There was a difference of more than 200 cubic millimeters in hippocampal volume (seat of memory, spatial orientation and sense of self that shrinks before Alzheimer’s disease) between individuals who ate a healthy diet (fresh veggies, less meat and fast food and more fish) compared with those who consumed a typical unhealthy Western diet (meat, hamburgers, chips, sweets and soft drinks).

“To our knowledge, this is the first human study to demonstrate associations between diet and hippocampal volume concordant with data previously observed in animal studies,” concluded the head scientist of this study, Felice N. Jacka, PhD.

A high-animal fat diet (and possibly sugar) reduces “brain-derived neurotrophic factor levels”, which impairs neuronal plasticity (communicating highways of your brain) as well as tamps down learning and promotes adverse behavioral and mood changes.
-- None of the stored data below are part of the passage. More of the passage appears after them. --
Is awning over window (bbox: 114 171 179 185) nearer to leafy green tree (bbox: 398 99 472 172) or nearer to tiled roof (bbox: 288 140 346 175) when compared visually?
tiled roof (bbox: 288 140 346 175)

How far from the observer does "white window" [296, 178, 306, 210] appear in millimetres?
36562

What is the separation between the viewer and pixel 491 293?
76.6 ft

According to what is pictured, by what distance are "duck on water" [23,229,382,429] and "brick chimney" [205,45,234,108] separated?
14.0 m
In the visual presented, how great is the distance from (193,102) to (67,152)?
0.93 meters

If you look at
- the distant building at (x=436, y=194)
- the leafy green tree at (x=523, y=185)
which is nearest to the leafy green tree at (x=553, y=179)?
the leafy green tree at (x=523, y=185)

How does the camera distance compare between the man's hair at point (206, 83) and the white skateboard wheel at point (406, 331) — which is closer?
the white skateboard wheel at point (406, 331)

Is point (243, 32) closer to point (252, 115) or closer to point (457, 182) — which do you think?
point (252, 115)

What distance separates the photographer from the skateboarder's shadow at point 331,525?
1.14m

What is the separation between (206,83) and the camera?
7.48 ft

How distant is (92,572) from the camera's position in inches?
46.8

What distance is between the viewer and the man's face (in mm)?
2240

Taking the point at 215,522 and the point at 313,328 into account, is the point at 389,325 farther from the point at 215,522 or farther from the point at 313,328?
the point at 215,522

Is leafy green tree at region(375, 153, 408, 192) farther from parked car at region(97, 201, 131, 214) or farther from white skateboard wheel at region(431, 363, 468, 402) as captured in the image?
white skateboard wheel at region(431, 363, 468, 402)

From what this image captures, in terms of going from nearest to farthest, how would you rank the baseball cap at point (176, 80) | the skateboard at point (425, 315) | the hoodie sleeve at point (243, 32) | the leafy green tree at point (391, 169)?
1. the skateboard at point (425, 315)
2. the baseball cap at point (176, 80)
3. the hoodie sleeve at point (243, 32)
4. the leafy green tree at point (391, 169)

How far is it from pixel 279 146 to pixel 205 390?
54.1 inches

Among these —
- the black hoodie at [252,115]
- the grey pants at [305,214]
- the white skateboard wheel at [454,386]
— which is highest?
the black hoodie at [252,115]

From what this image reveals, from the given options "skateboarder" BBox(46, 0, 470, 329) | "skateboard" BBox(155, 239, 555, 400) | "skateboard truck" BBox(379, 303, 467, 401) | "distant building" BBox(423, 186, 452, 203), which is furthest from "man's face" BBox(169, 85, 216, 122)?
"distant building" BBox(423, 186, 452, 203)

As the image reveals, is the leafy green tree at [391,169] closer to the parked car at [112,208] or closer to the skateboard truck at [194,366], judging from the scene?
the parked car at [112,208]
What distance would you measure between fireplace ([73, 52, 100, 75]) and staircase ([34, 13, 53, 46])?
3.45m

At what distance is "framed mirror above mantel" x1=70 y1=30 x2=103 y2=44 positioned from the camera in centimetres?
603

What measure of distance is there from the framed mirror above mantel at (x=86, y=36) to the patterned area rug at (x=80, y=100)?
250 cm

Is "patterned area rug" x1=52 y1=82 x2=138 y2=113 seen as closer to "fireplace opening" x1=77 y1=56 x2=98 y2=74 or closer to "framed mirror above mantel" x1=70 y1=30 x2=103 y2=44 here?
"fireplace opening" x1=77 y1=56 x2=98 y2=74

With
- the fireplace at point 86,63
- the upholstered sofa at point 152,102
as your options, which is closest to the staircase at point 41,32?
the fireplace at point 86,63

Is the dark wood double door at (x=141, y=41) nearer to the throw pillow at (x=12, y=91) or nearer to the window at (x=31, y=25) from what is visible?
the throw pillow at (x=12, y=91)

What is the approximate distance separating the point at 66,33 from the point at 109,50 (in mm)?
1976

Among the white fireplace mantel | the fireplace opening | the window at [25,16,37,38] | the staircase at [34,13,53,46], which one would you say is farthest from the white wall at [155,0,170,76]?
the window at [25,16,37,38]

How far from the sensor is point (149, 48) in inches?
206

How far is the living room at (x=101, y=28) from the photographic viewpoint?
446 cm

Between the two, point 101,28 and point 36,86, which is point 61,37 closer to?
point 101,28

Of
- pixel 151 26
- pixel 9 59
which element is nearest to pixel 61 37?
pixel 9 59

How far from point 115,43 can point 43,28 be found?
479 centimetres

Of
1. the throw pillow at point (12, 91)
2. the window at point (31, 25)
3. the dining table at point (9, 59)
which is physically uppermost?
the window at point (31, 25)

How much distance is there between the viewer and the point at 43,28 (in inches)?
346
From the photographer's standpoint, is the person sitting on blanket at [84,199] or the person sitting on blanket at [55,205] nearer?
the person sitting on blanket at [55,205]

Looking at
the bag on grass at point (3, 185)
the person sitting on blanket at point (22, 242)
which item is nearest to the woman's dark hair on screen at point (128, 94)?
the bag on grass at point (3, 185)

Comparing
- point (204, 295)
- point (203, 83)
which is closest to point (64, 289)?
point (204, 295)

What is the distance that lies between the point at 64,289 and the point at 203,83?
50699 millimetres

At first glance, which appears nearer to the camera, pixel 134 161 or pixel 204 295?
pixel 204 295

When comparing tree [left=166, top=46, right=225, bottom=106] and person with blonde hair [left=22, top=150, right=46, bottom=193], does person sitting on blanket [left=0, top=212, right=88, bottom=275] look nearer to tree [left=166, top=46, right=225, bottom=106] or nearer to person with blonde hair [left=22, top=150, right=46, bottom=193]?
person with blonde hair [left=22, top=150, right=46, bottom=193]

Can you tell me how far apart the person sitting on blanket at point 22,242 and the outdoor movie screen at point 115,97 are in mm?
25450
The healthier you eat = the more you promote hippocampal health and avoid age related brain atrophy (brain shrinkage that correlates with signs of aging and fragility).
• The hippocampus has more blood flow than any other tissue in the entire body.
• The hippocampal cells have more mitochondria (energy furnaces) per cell volume than any other cell in the body other than the parietal cells that make stomach acid.

Why? Nature knows that the hippocampus is the physical analogy of our “soul”, who we are.

Good food = care takes your hippocampus.

Be smart = eat smart!

And there you have it.


September 8 in BMC Medicine.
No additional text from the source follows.